-- Opening Marker --

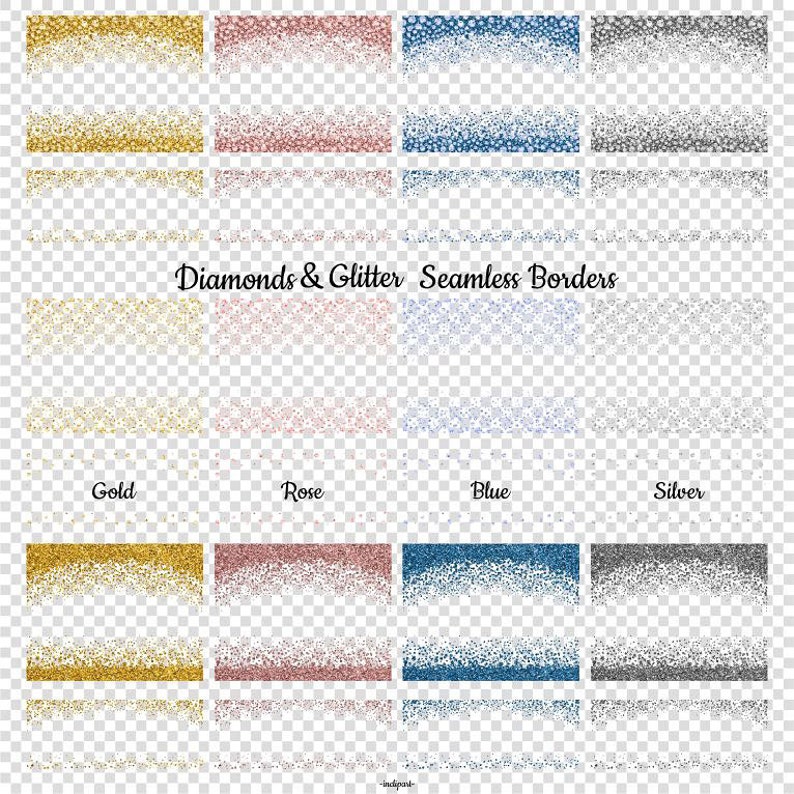 May include: A set of 20 seamless borders featuring gold, rose gold, blue, and silver glitter and diamond patterns.  The borders are perfect for adding a touch of sparkle to any design project.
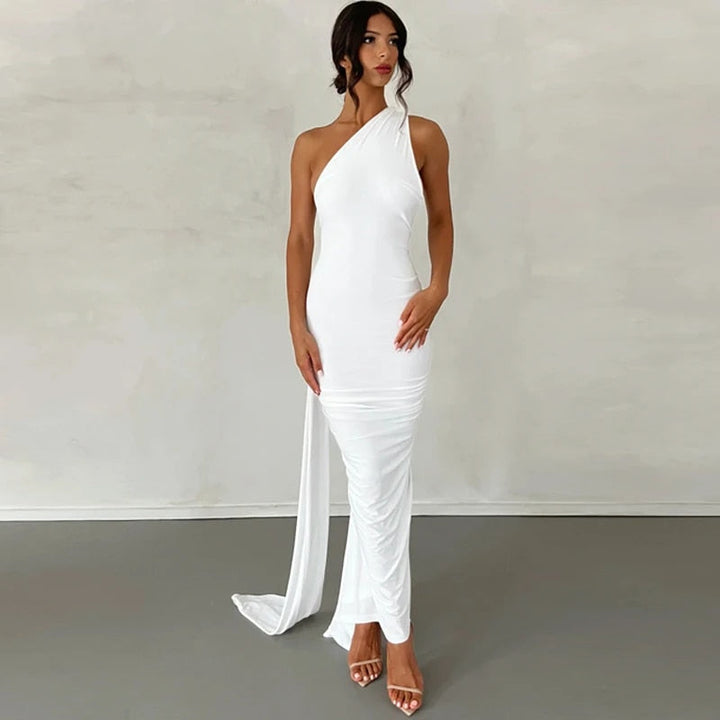 Drune | Elegante Bodycon-Kleid mit Einem Schulter Rückehoch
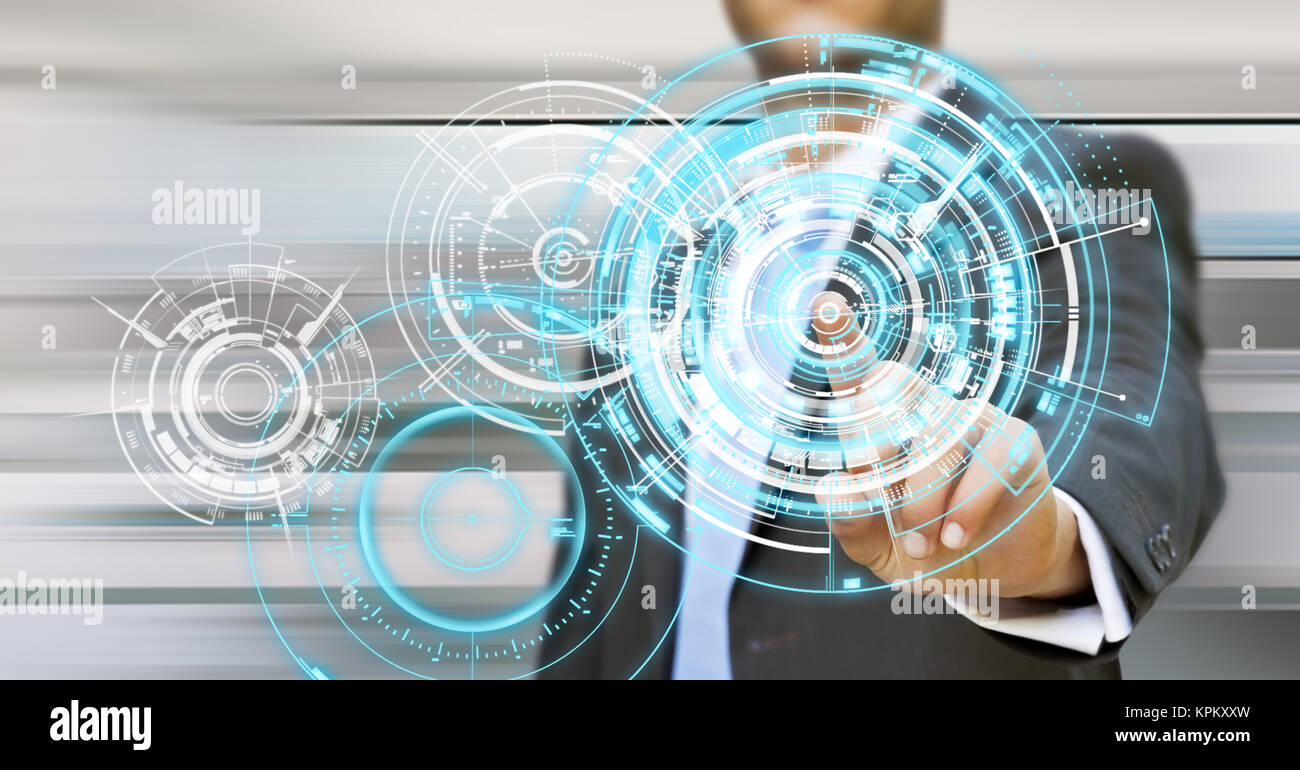 Businessman in his office using tactile interface Stock Photo - Alamy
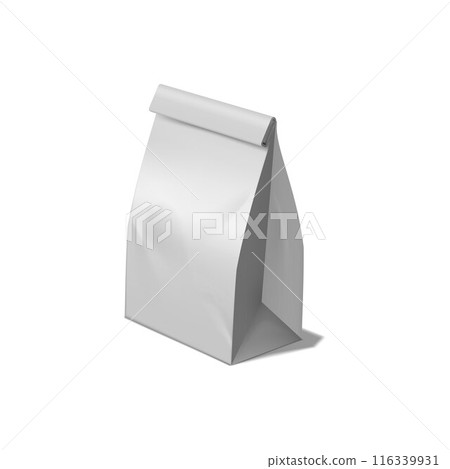 3d closed white paper bag for lunch or coffee. 116339931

-- Closing Marker --

DESCRIPTION OF THE TASK >> Beginning at the line that contains "Businessman in his", transcribe it and every later line through the last line of the data above, exactly, and drop the pictures.

RESULT >>
 Businessman in his office using tactile interface Stock Photo - Alamy
 3d closed white paper bag for lunch or coffee. 116339931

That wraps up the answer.